*** Opening Records for processing ***

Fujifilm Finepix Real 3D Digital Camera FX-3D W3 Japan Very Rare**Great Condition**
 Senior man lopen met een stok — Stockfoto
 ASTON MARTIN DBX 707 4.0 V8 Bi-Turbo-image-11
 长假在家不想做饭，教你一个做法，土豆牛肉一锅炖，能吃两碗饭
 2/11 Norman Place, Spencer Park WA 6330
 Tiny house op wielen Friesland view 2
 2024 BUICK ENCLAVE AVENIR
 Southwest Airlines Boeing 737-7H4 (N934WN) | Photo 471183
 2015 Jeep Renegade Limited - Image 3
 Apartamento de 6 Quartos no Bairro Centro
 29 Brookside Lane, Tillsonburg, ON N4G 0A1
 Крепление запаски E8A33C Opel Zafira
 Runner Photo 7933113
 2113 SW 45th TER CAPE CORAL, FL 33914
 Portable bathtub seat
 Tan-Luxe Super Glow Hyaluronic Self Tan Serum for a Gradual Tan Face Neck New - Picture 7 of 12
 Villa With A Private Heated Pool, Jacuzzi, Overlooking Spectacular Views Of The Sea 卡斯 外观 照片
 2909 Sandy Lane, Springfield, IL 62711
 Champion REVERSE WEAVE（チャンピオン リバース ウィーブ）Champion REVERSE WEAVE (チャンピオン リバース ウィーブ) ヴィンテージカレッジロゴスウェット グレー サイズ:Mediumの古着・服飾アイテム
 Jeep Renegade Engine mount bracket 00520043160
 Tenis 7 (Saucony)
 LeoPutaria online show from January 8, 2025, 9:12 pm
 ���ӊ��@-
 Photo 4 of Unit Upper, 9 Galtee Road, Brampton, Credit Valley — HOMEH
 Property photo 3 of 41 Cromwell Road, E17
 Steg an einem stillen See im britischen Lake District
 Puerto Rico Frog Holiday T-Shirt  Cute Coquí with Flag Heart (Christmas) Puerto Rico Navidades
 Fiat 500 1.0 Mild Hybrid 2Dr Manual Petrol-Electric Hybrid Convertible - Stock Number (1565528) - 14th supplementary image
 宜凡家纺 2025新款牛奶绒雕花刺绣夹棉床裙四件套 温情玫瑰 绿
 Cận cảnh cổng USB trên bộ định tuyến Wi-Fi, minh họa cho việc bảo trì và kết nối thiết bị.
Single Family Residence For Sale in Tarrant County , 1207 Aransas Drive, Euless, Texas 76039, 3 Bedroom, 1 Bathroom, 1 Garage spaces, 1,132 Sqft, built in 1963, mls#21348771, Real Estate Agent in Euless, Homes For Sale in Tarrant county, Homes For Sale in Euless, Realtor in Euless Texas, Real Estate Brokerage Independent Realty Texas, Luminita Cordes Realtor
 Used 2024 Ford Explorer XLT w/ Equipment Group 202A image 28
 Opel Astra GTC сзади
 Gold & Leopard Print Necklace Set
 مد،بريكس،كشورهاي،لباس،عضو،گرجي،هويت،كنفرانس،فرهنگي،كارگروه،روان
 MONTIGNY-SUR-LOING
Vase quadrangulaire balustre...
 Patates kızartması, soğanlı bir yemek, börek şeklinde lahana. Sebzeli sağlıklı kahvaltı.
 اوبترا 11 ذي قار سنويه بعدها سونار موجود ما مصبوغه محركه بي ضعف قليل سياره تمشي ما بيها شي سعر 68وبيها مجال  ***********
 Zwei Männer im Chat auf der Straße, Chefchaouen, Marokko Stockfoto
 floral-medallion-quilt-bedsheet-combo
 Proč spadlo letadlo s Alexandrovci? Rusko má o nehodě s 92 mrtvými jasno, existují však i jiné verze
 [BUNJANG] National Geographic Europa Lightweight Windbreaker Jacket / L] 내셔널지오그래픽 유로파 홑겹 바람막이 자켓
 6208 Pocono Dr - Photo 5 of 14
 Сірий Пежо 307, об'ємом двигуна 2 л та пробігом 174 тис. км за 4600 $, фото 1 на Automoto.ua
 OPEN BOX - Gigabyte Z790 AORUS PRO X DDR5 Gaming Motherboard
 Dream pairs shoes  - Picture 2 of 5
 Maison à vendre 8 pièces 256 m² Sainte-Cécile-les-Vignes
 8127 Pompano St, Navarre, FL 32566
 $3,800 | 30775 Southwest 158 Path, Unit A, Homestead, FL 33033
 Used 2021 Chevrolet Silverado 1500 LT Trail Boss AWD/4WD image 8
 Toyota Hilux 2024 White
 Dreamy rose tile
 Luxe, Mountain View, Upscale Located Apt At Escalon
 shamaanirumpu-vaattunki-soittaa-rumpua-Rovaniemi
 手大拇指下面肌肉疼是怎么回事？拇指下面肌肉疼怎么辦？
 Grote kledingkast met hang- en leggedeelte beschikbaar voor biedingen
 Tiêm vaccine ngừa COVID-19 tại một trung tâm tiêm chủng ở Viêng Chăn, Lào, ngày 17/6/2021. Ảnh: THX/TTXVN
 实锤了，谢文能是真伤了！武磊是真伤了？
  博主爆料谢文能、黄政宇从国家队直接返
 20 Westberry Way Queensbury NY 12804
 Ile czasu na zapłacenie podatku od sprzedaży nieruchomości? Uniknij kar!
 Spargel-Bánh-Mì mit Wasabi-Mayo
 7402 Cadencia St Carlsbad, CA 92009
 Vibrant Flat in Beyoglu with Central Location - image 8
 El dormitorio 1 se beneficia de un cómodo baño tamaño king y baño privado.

*** Closing Records for processing ***

# Task objective
Every line above in which the word "Road" is present must be copied into the answer.

# Solution to this task
 Photo 4 of Unit Upper, 9 Galtee Road, Brampton, Credit Valley — HOMEH
 Property photo 3 of 41 Cromwell Road, E17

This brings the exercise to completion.